US officials have acknowledged they did not expect American forces to be fighting insurgents in Iraq more than a year after last year's invasion that toppled Saddam Hussein.

A mortar strike near a hotel in central Baghdad yesterday killed one child and wounded three people, emergency workers said.

The US military said rebels killed five soldiers in Samarra, north of Baghdad, on Thursday and one died after an ambush in the Iraqi capital, bringing the US combat toll in Iraq to at least 652 since the start of the war.

Bulgaria, which has contributed 470 troops to the US-led multinational force in Iraq, vowed not to bow to demands by the kidnappers of civilian truck drivers Ivailo Kepov and Georgi Lazov, seized after unloading cars in Mosul.

"Bulgaria is a stable state . . . and we cannot expect it would change its foreign policy because of one or another group," the Foreign Minister, Mr Solomon Passy, said.

On Thursday a group led by Jordanian militant Abu Musab al-Zarqawi, which has already beheaded an American and a South Korean in Iraq, said it would kill the Bulgarians within 24 hours unless US-led forces released prisoners.

The US has branded Zarqawi an al-Qaeda ally and its top target in Iraq with a $25 million bounty.

Masked gunmen threatened in a videotaped message yesterday to kill "the criminal Zarqawi" and his followers.

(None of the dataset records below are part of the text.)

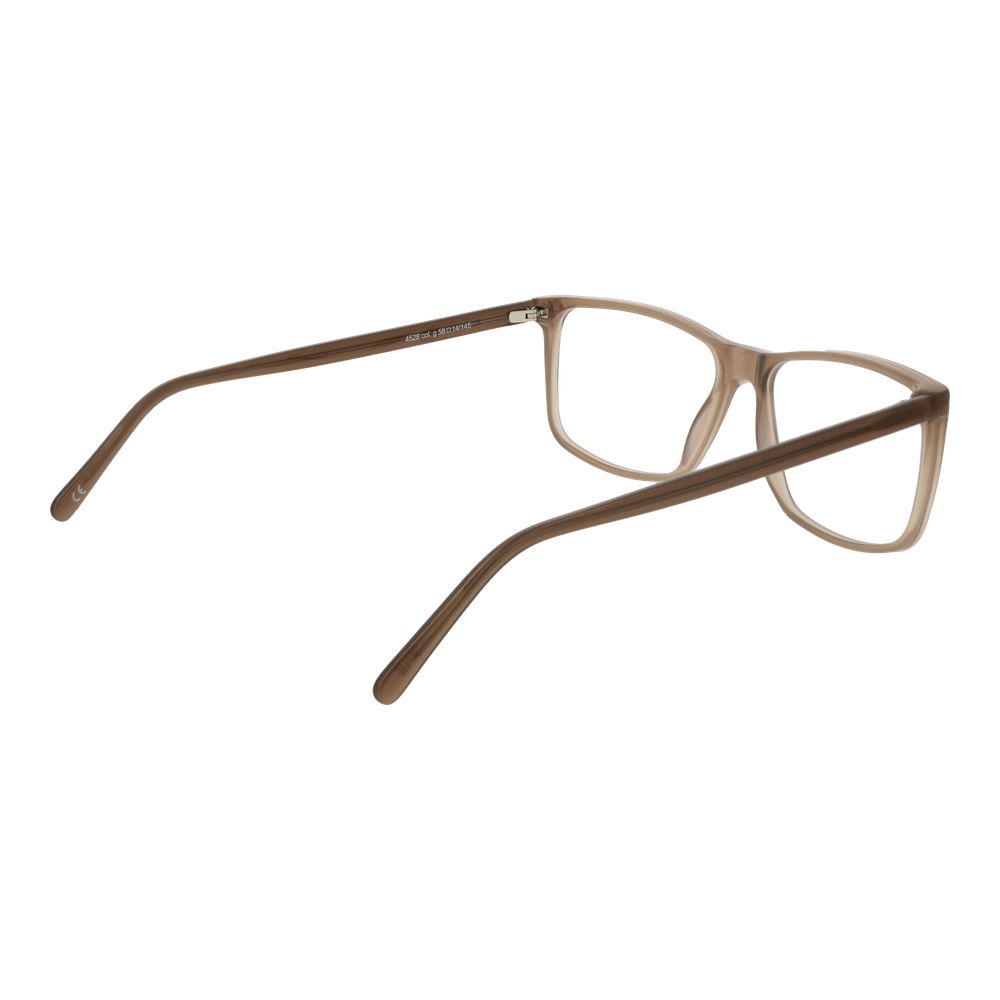 Eyeglasses Frames by Andy Wolf for unisex in acetate brown showcases a reflective silhouette, artfully incorporating a sophisticated brown coloured frame with a distinct full-frame frame design.
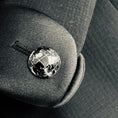 Load image into Gallery viewer, Chanel Black Silk Satin Trimmed Wool Tuxedo Style Coat with CC Logo Globe Buttons
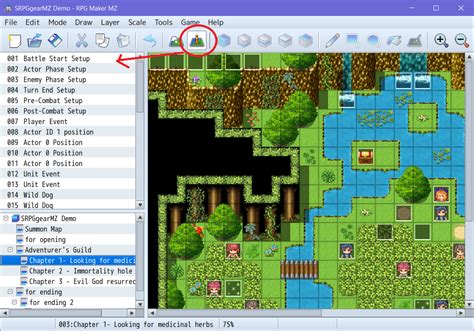 Rpg maker mv widescreen.  I've changed the resolutions using the included plugin ...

They said they belonged to the Saif al-Allah (Sword of God) group.

There was no way to verify the existence of the group, which threatened in another videotape this week to behead any lawyers who defend Saddam in a future trial.

Saddam, captured by US forces in December, faced an Iraqi judge last week.

Interim Human Rights Minister Mr Bakhtiar Amin said Saddam would get a fair trial in Iraq - rejecting assertions by the former dictator's defence team that this was impossible.

"We have to set a new precedent and we are different from Saddam and his regime. We are all victims and he will be tried fairly," Mr Amin, a Kurd, said.

He said a new law unveiled this week enabling the government to impose a state of emergency had enough checks to prevent any return to the abuses of Saddam's rule.